Rash of unsolved murders puts people on edge in Anchorage

Police search Valley of the Moon Park, where two people were found dead last weekend (AP)
Police search Valley of the Moon Park, where two people were found dead last weekend (AP)

A rash of unsolved murders in Alaska's largest city is putting residents on edge.

The deaths of nine people who were killed on Anchorage's outdoor trails, parks and isolated streets since January remain unsolved - among them three cases involving two victims each.

"It's terrifying," said Jennifer Hazen, who lives near Valley of the Moon Park, where two people were found dead last week, one of them on a park bike trail.
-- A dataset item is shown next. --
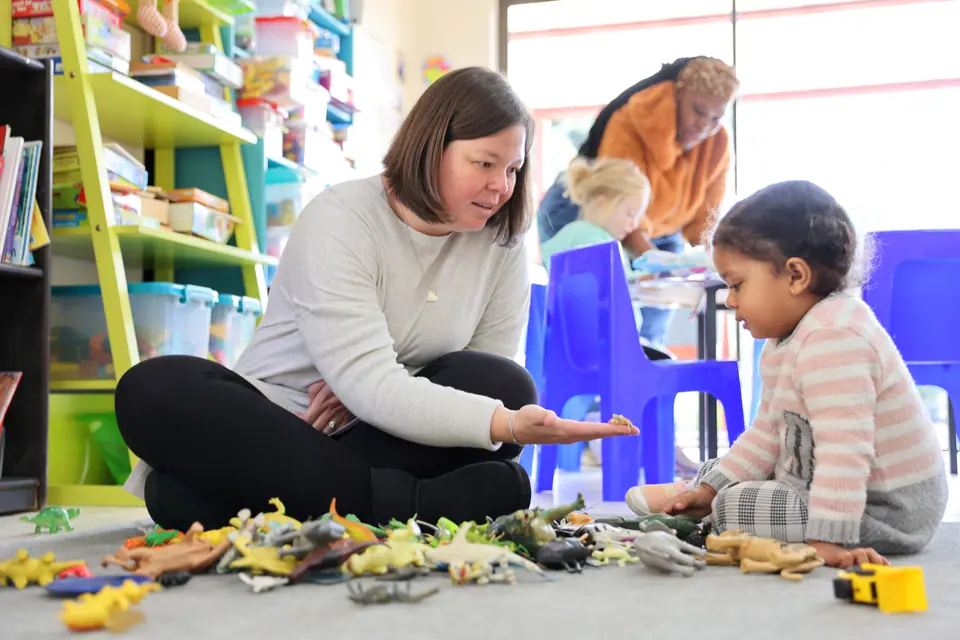 A teacher sitting on the floor playing with a young child and toy animals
Hazen walks in the park regularly, and finds some comfort in knowing the unsolved killings happened in the middle of the night when she would not be out there anyway.

"I'm just really shocked about all this happening," said another resident, Yegor Christman, as he walked his dog on the bike trail. "I thought I lived in a pretty safe area."
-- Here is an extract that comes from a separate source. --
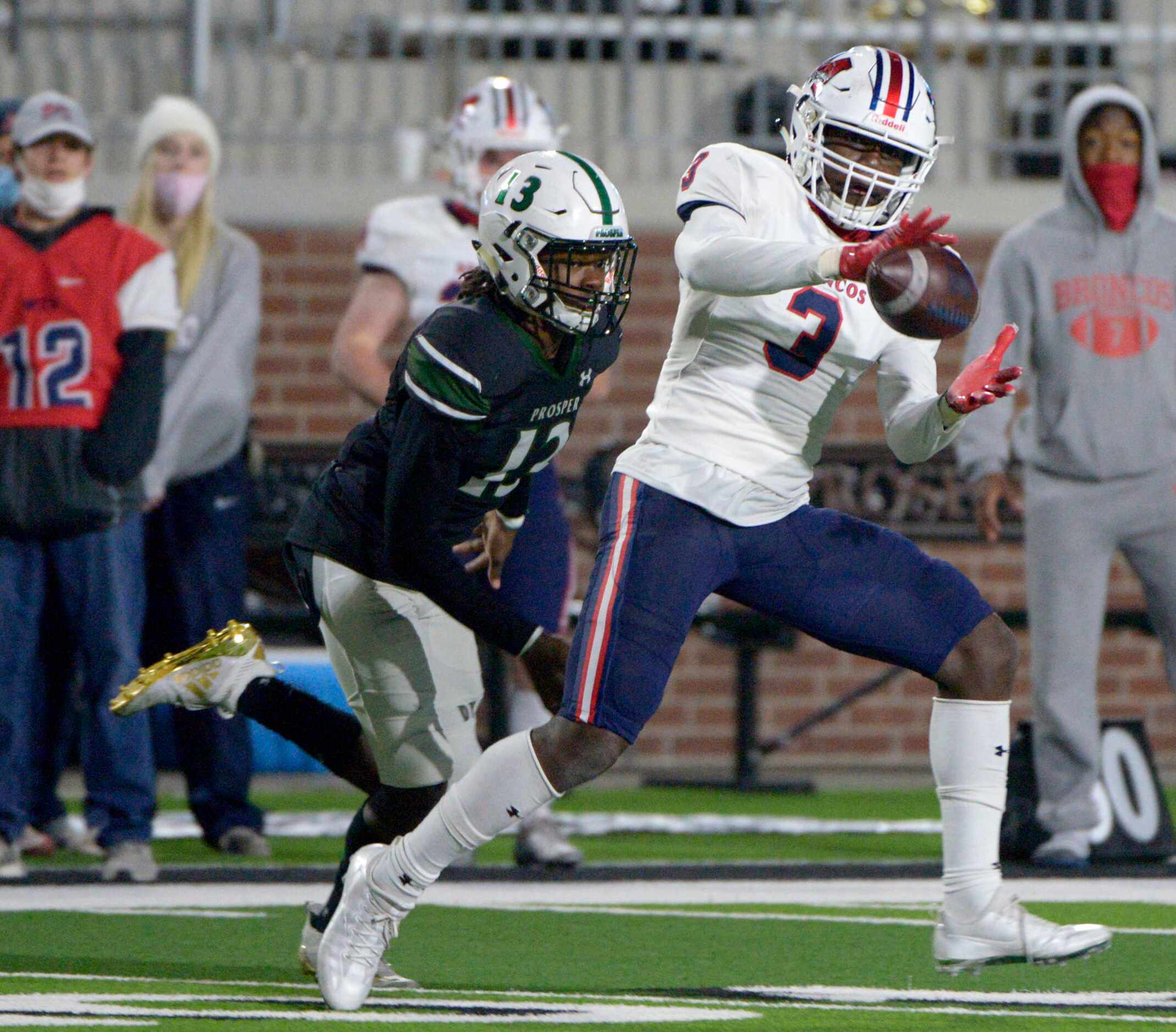 McKinney Boyd’s Dominique Stevenson (3) catches a pass in front of Prosper’s Kaleb Miles in...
Adding to the feeling of vulnerability, Anchorage has had 25 killings this year, the same number the city had for the entire year in 2015.

Even though the number is high, police point out that 1995, with 29 killings, had the highest number in the last two decades.
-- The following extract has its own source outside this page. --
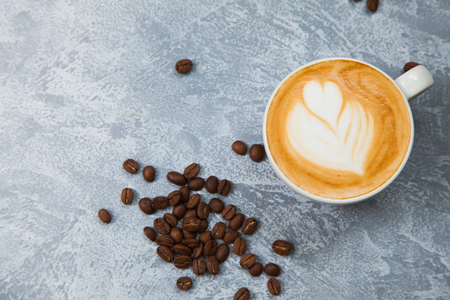 Cappuccino with coffe beans on grey background. Time for coffee concept.の写真素材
With 15 murders since late June, police issued an unusual public advisory this week urging residents to be "extra aware" of their surroundings, noting that crimes often increase at night and early in the morning.

Three of the victims were found alone. Two of those victims had been shot, according to police, who will not say how the other seven died. They will not say what details have been shared with the families of the victims.

Police have released few details on any of the cases, saying investigators have not made any clear connections between the victims. Asked if police believe a serial killer could be on the loose, police spokeswoman Jennifer Castro said police always try to determine if unsolved crimes are related.

The only common denominators found among the victims are that the deaths occurred outdoors, in the early hours and in isolated places such as trails and unoccupied streets.

John McCleary is a long-time volunteer with the city's Trail Watch programme, which was started in 2006 after a string of assaults, mostly against women, on local trails.

Trail Watch volunteers serve two purposes, to be the eyes for the police department, reporting any problems, and to create safer conditions on 300 miles of trails with such efforts as cutting down vegetation.

But McCleary said he has never seen a situation with so many unsolved killings, and he has been connected with city trails since the late 1970s. He says he feels angry and frustrated that people cannot enjoy the trails like they could a decade ago.

"This is so abnormal," he said. "It doesn't seem like I'm in the same city."

Randall Alcala walks almost daily along the central Ship Creek Trail, where two victims were found dead in July. But those deaths, even though unsolved, do not make him feel unsafe.

He saw a black bear on the trail about a week ago, and is more wary of run-ins with one of the city's hundreds of bears.